[Data shown]:
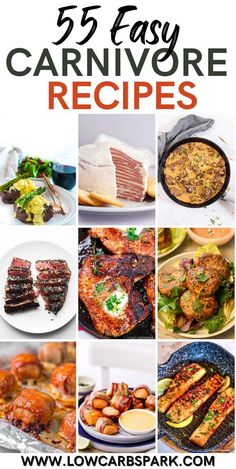 the 25 easy carnivore recipes are featured in this collage with text overlay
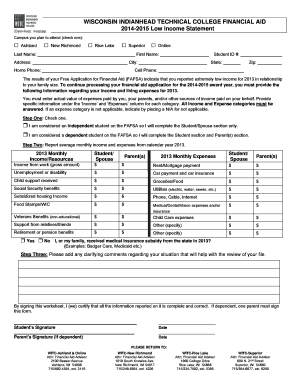 Wisconsin Indianhead Technical College Financial Aid Low Income Statement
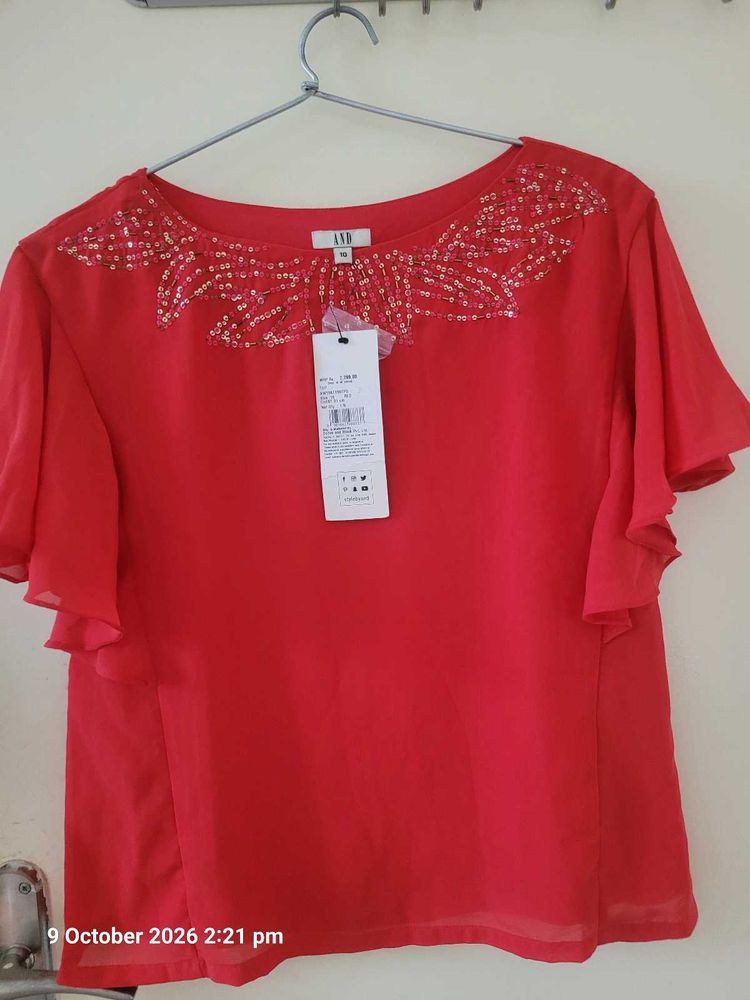 Red Beaded Neckline Top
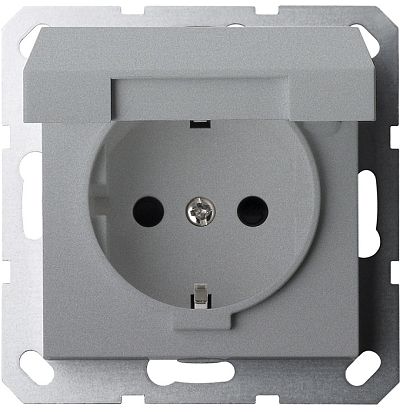 Розетка SCHUKO© с крышкой и защитными шторками 16A 250V~ 2P+T, цвет Алюминий Jasmart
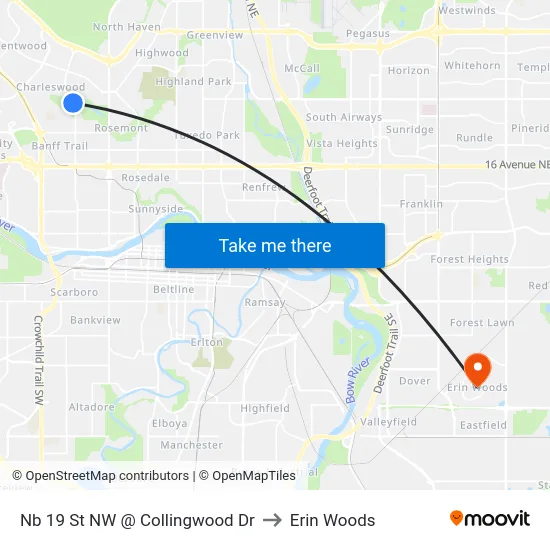 Nb 19 St NW @ Collingwood Dr to Erin Woods map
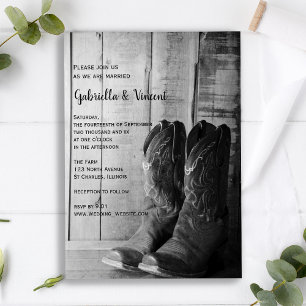 Invitation Boots rustiques Cowboy Pays Mariage occidental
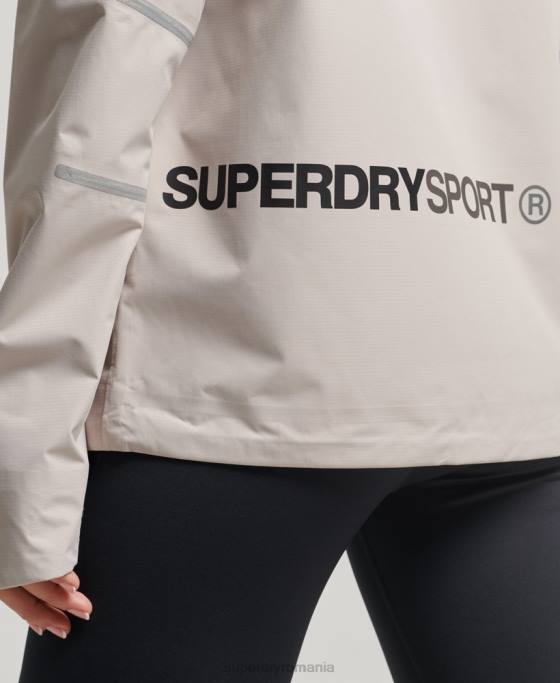 Superdry jachetă impermeabilă îmbrăcăminte bej femei JX0Z3555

[Assignment]: Above are the records; copy them exactly without the pictures.

[Exercise result]:
 the 25 easy carnivore recipes are featured in this collage with text overlay
 Wisconsin Indianhead Technical College Financial Aid Low Income Statement
 Red Beaded Neckline Top
 Розетка SCHUKO© с крышкой и защитными шторками 16A 250V~ 2P+T, цвет Алюминий Jasmart
 Nb 19 St NW @ Collingwood Dr to Erin Woods map
 Invitation Boots rustiques Cowboy Pays Mariage occidental
 Superdry jachetă impermeabilă îmbrăcăminte bej femei JX0Z3555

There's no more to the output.